Step 2 — Columnar transposition
Identical to ADFGX: the intermediate text (ADFGVX pairs) is written into a rectangular grid under a keyword, then read column by column in the alphabetic order of the keyword letters.
Example (step 1 only)
Plaintext CIPHE with the grid above:
C → A F I → D F P → F G H → D D E → A V
Result: AFDFFGDDAV.
History
- March 1918: ADFGX enters service.
- June 1918: ADFGVX replaces ADFGX so digits can be transmitted directly.
- May–June 1918: Georges Painvin breaks the method (both variants) by exploiting formatted military headers and multiple same-length messages. The French army then reads parts of the German traffic during the 1918 offensives — a decisive edge.
Painvin worked sleeplessly for weeks to break the system; he emerged exhausted and fell seriously ill. His work is regarded as one of the founding acts of modern cryptanalysis.
Variants and descendants
- ADFGX — 5-label predecessor, no digits.

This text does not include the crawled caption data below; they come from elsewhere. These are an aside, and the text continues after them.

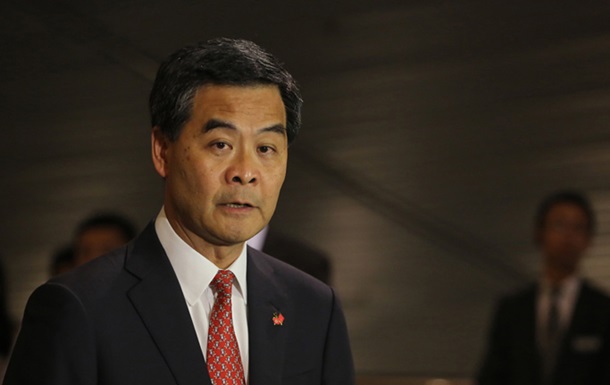 Глава Гонконгу відмовився піти у відставку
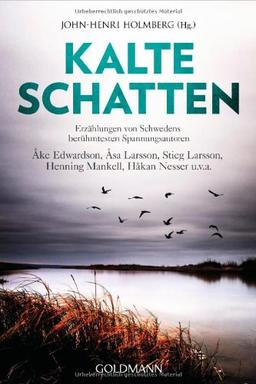 Kalte Schatten: Erzählungen von Schwedens berühmtesten Spannungsautoren - Åke Edwardson, Åsa Larsson, Stieg Larsson, Henning Mankell, Håkan Nesser u.v.a.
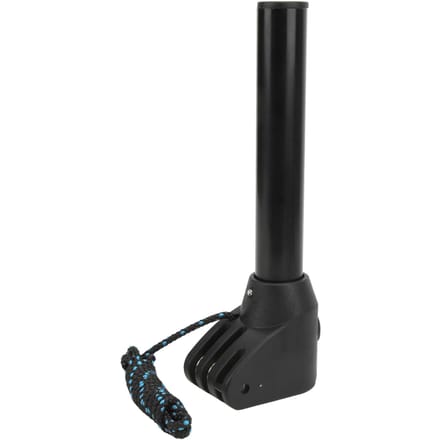 Rallonge de Windsurf Alliage d'Aluminium Rallonge de Windsurf Adaptateur de Montage de Base avec Corde black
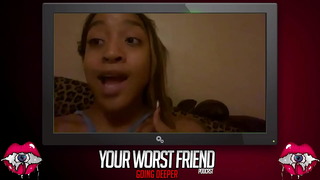 Pegged by Ebony Dominatrix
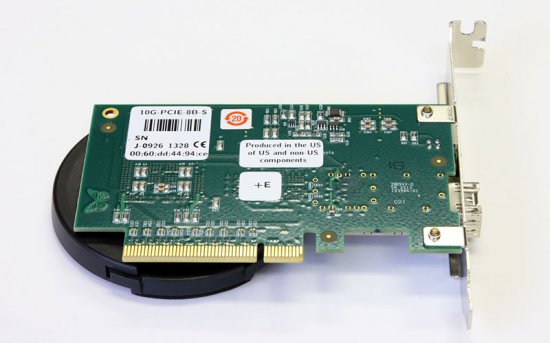 10G-PCIE-8B-S Myricom 10Gイーサネットアダプタカード 10GBase-SFP+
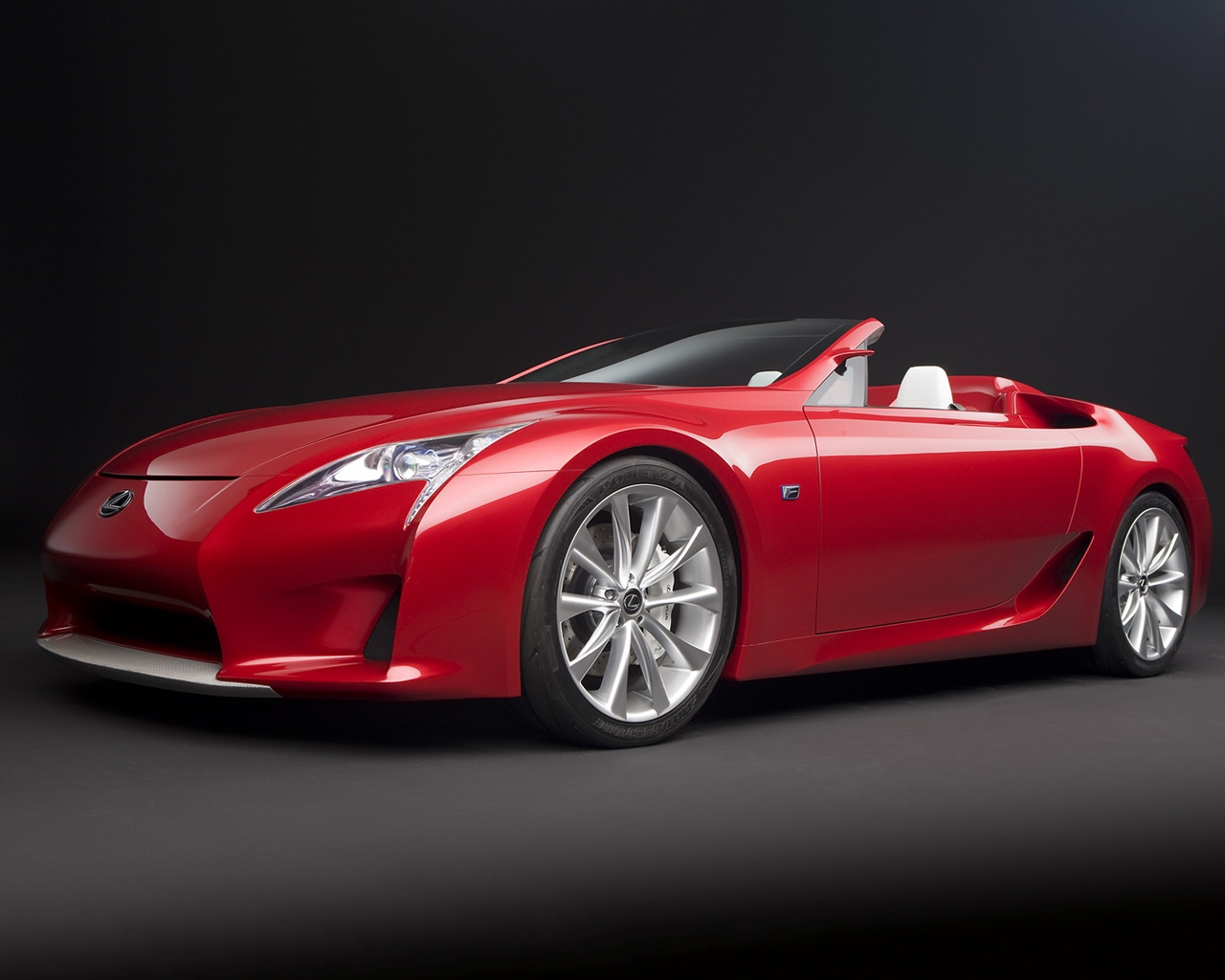 Lexus LFA Roadster Concept for 1280 x 1024 resolution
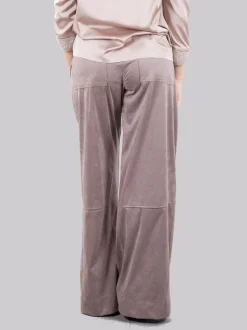 Pantaloni in ecopelle
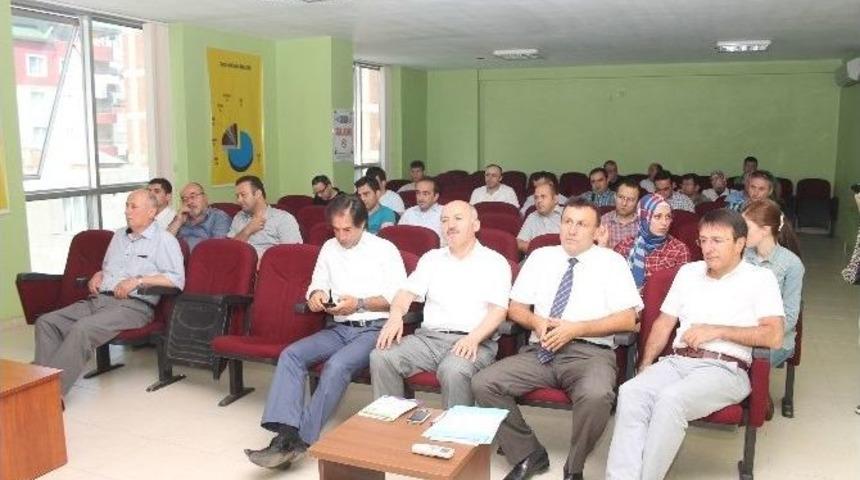 G&uuml;venilir Gıda &Uuml;retmek İ&ccedil;in Seminere Katıldılar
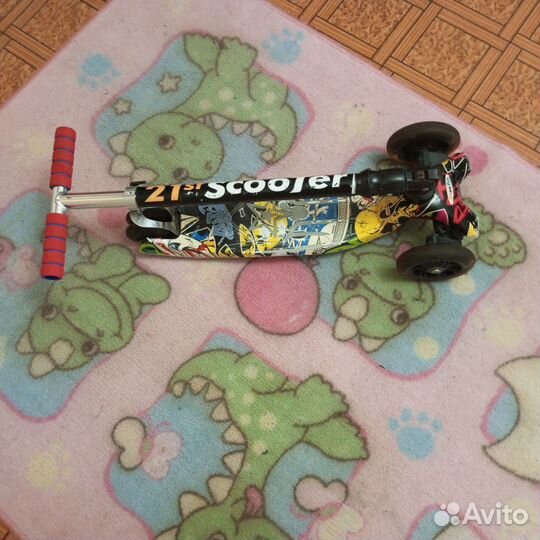 Самокат детский бу до 8 лет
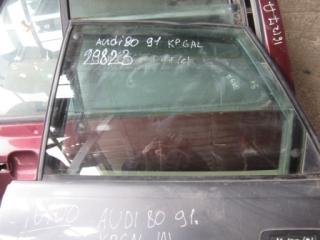 Запчасть стекло двери заднее левое Audi 80 1991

- Schlüsselzusatz 42 (SZ 42, Lorenz) — German strategic-level machine used in WWII, far more complex.
- JN-25 — WWII Japanese naval code, similar principle (super-enciphered codebook).
Weaknesses
Same as ADFGX, with the extra difficulty offered by the enlarged alphabet:
- Formatted messages with fixed headers → exploitable cribs.
- Multiple same-length messages → geometric constraints on the transposition.
- Statistics on symbol pairs once the transposition is undone.
In CipherChronicle
ADFGVX is the peak of WWI hand ciphers: a carefully layered double step, breakable only with intense human work and multiple ciphertexts. Its grids can stage the two-phase resolution and the historical dimension.
Grid
- 1
Ciphertext
Only six letters — A, D, F, G, V, X. Typical ADFGVX signature.
- 2
Enlarged 6×6 grid
Covers the full alphabet (I/J split) plus the ten digits 0-9.
- 3
Reading the pairs
Each (row-label, col-label) pair selects a cell of the 6×6 grid.
- 4
Final transposition
The pairs are rearranged by keyword, just as in ADFGX.
- 5
Message revealed
The original letters surface after both inverse steps.